Après la création d'une allée Aimé Césaire en 2009 en bord de mer auprès du pavillon Fleuriau, puis, dans son prolongement reliant le Casino au Vieux Port, de la Promenade Toussaint Louverture (cf. J. de Cauna, Toussaint Louverture, le Grand Précurseur, Bordeaux, Ed. Sud-Ouest, 2012), la nouvelle municipalité consacra son implication mémorielle et historique par la réalisation d'une statue de Toussaint Louverture installée le 20 mai 2015 dans la cour d'entrée de l'hôtel Fleuriau. Face aux habituelles polémiques négatives, le sculpteur Ousmane Sow déclarait fermement dans son discours inaugural en dévoilant son oeuvre : « Surtout, Toussaint Louverture est ici à sa place. La Rochelle a le courage d’affronter son passé. En tant que Noir, je suis fier de l’histoire de Toussaint Louverture. Je ne crois pas aux repentances, mais il faut qu’on sache… Il faut avoir l’honnêteté de dire que s’il y a eu esclavage, c’est qu’il y a eu des gens qui ont vendu des esclaves... ». Cette déclaration, qui fait honneur à son auteur autant qu'au Grand Précurseur et à l'antériorité du travail historique rochelais, lance en même temps un courageux appel à l'extension temporelle et spatiale de la recherche historique sur le sujet (cf. J. de Cauna, Fleuriau, La Rochelle et l'esclavage. Trente-cinq ans de mémoire et d'histoire, Paris, Les Indes Savantes, 2017)

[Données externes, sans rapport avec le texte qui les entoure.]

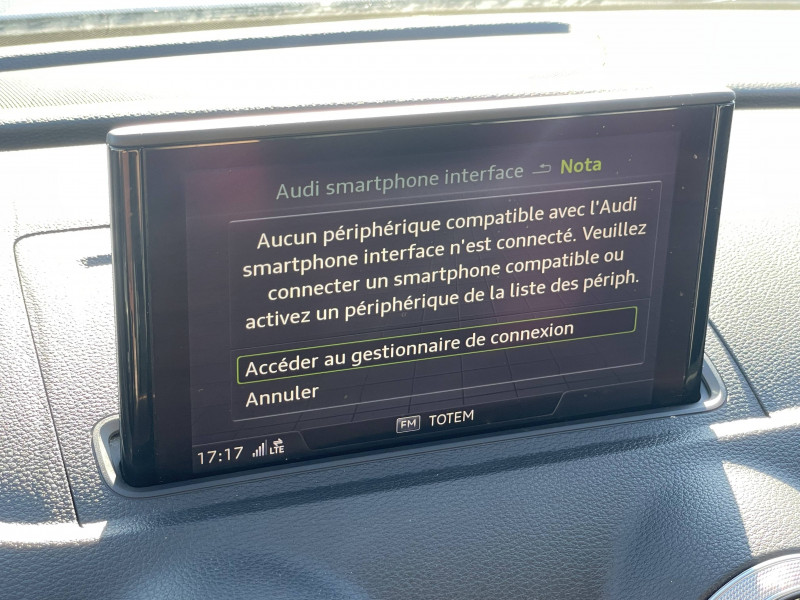 Audi A3 Sportback A3 Sportback 35 TDI 150 S tronic 7 Design Luxe 5p  occasion  Onet-le-Chteau - photo n14
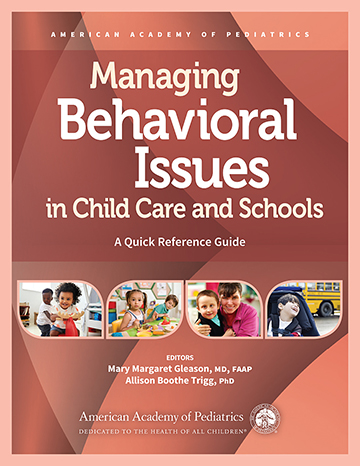 Book cover for Managing Behavioral Issues in Child Care and Schools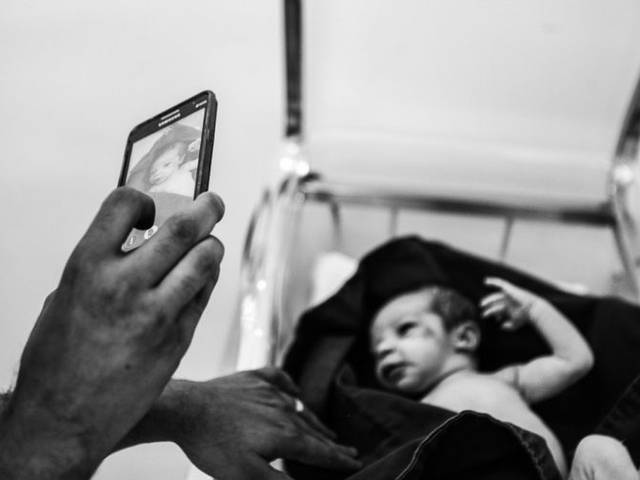 Familia de Fotos parto Carolina + Rafael= Gael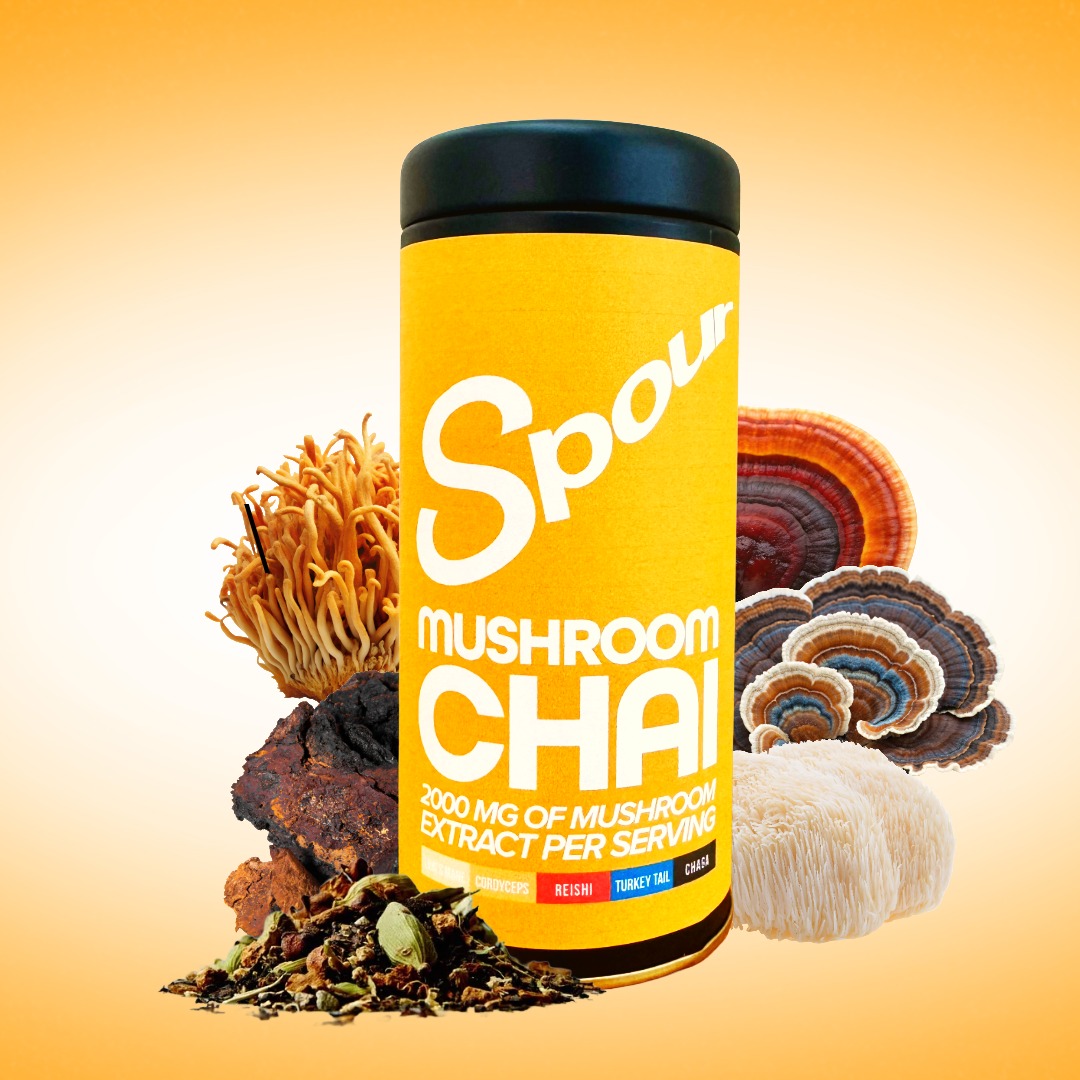 Spour - Chai - Adaptogenic Mushroom Drink Mix image 2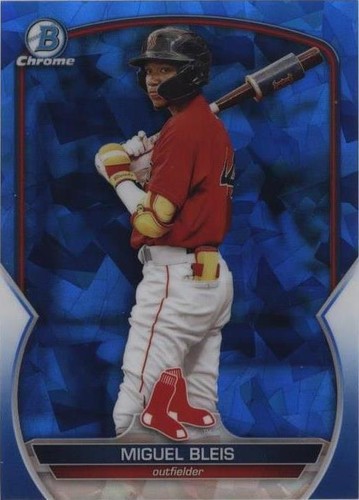 2023 Bowman Chrome Sapphire Edition - Miguel Bleis #BCP-223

C'est dans ce long parcours mémoriel que s'inscrit aujourd'hui, dans le respect et la continuité de l'histoire locale et transatlantique, entre la Nouvelle Aquitaine, la Gascogne, Haïti et les Antilles, la sculpture rochelaise de la nourrice affranchie baptisée Clarisse par l'artiste haïtien Filipo et dont le pendant iconographique figure au Musée du Nouveau-Monde dans un beau tableau d'époque attribué au peintre rochelais Joseph Canet de Chanteloub et resté dans l'héritage créole d'une famille bordelaise.
Il revenait naturellement à la chaire d'Haïti à Bordeaux - compétente pour la Nouvelle Aquitaine et les quatre grands ports de notre région, de La Rochelle à Bayonne en passant par Rochefort et Bordeaux - de faire le point sur cette importante journée tenue dans ce haut lieu de mémoire en l'inscrivant clairement dans son contexte historique dans un souci de juste information.